Because of the mind’s duplicitous ways, there is also some difficulty acknowledging that space-time is also another inventiveness of our own doing. But space-time is an illusion. I quote Albert Einstein on this certitude: “Human life is an illusion of consciousness.”  His statement isn’t viewed like a prophecy any more, either. Since his demise, physics has confirmed his truth by quantum examination.

The mind often projects a future fearing change declaring, “Change will disrupt and destroy me.” But fear, as we learned way back, is the opposite to love; thereby an obstruction to progress is formed, and we get stuck.

Here our fourth sattvic key flashes into the foreground. Concerning what’s going to happen, in what we call ‘the future’, we have to reconcile our nature. This means thoroughly coming to terms with our real nature, instead of living a false-outlooking form of pretence, to enable us to surmount the emotional status that resists the inevitability of change and the emptiness of phenomena mentioned in the Buddhist seals (in key 3).

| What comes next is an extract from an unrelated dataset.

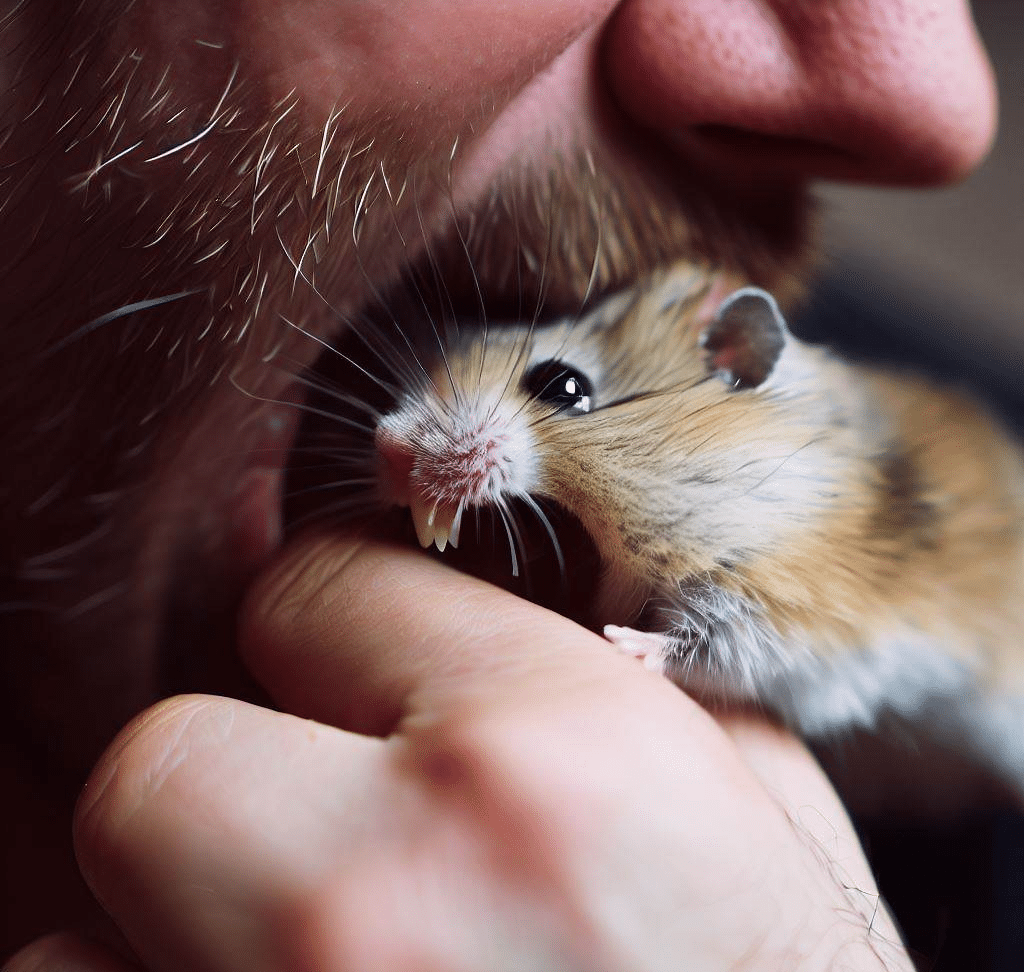 Pourquoi mon Hamster me mord-il légèrement?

Readers will hopefully excuse the repetition here regarding the illusion of solid matter; of separateness. But, seriously, we have to shout instructions at the mind sometimes, over and again; be its commander – and insist it listens to us. When apparent solid matter is rationalised as a falsity, only then can we discernibly come to terms with the nature of change, which is also a falsity in Real Self terms (so needs an adaptor to quell visibly disorienting tactics in what appears to be life).

This makes sense doesn’t it? The mind is yours to command. Your life and what you get out of it is the result of what you allow yourself to think. If you want to think, “Mind, control me, I’m happy living the lie,” you’ll let your brain run you around more or less chaotically. Most people don’t think this directly but, accordingly, they suffer from life’s vicissitudes because of unconsciously reckoning, “I won’t put in the effort required to master my mind.”

When we finally put in enough effort to quell the mind’s shenanigans, we soon find these two cardinal obstructions – a) insisting matter is solid, and b) resisting change - are the root cause of all unhappiness.

I call a) and b) The Naggers. By using a short relevant pseudonym like this I can bring these two bastardos to heal quickly when problems crop up!

As we’ve now scrutinised, if we choose not to challenge the mind, we would in effect be electing to suffer more when hurtful changes arise. In reverse, this obviously means if we accept and take on the flow of nature we’ll not suffer as much when things go wrong, by bringing the influence of change-truth to the forefront. And, what’s all this meditation-infused living meant to do for us? It’s for the removal of suffering of course.

I don’t want to sound like a priest who might whinge on about the threats to your future if you refuse to do something. No. What I’m pointing out is change is certain, whatever you believe and whatever way you decide to go about things from here on. We all have the choice to make it easier for ourselves but we definitely won’t improve our lives if we keep thinking of change as hurtful.

I can confidently state, from both personal experience and my discussions with hundreds of truth seekers, when one gets used to the concept of putting space-time-belief into its correct frame of reference, hurts diminish to a pinprick. Compare to what derives from the ‘woe is me’ attitude of those who can’t make out what they’ve done to upset an imagined controller or ‘can’t get back to the way things were’.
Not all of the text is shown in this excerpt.